A concessão de uso especial de moradia inverte a lógica

assistencialista preconizada pelas políticas públicas de ocupação do solo urbano e deixa

a iniciativa nas mãos dos possuidores, com o poder Público sendo responsável por

tomar medidas que viabilizem o instituto.

A regularização da posse, mesmo que sem o título constitutivo de

propriedade, passa a ser, em alguns casos, a única saída para pessoas e comunidades

que ocupam áreas públicas e que, diante das regras de ocupação do solo urbano

previstas no Plano Diretor do município, não podem ter a propriedade do imóvel

consolidada.
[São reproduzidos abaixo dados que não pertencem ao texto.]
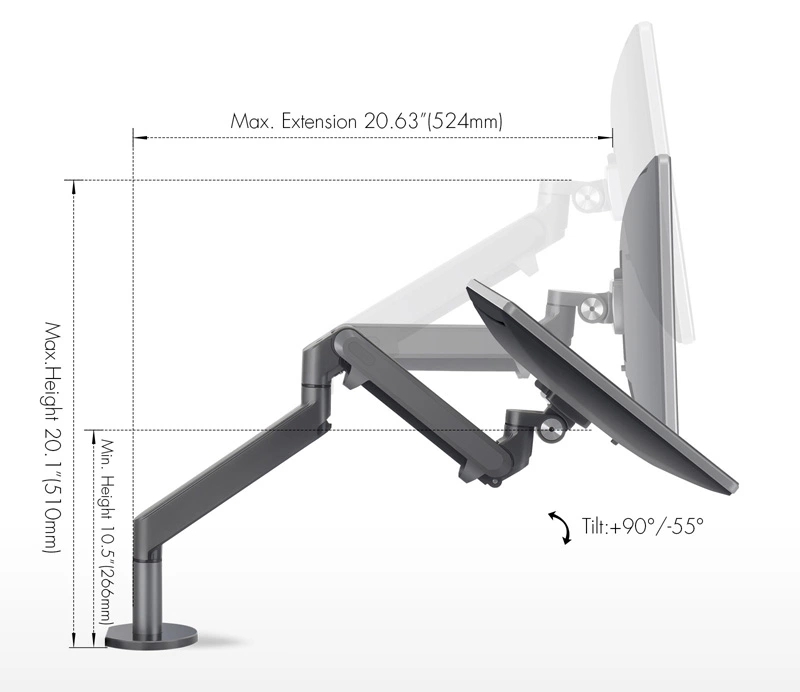 UPERGO OZ-2 Double LCD Moniteur Les Bras Sont Entièrement Réglables Support de Bureau Avec Montage VESA - Gris Foncé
As características encontradas na concessão de uso especial de moradia

permitem uma situação confortável para os ocupantes, gravando o direito de uso como

direito real e possibilitando a transferência da concessão (seja por negócio jurídico ou

por sucessão).

A concessão de uso especial para fins de moradia, apesar de

prevista desde a Constituição Federal de 1988, ainda não alcançou a eficácia esperada.

Como um dos instrumentos urbanísticos, a concessão deve ser entendida como

fundamental para a regularização dos imóveis urbanos e, como tal, deve ser utilizado

em toda em sua amplitude, servindo como instrumento facilitador da concretização de

um direito fundamental estabelecido pelo texto constitucional (CF, art. 6º.) e vinculado

a própria dignidade da pessoa humana (CF, 1º., III) que é o direito à moradia.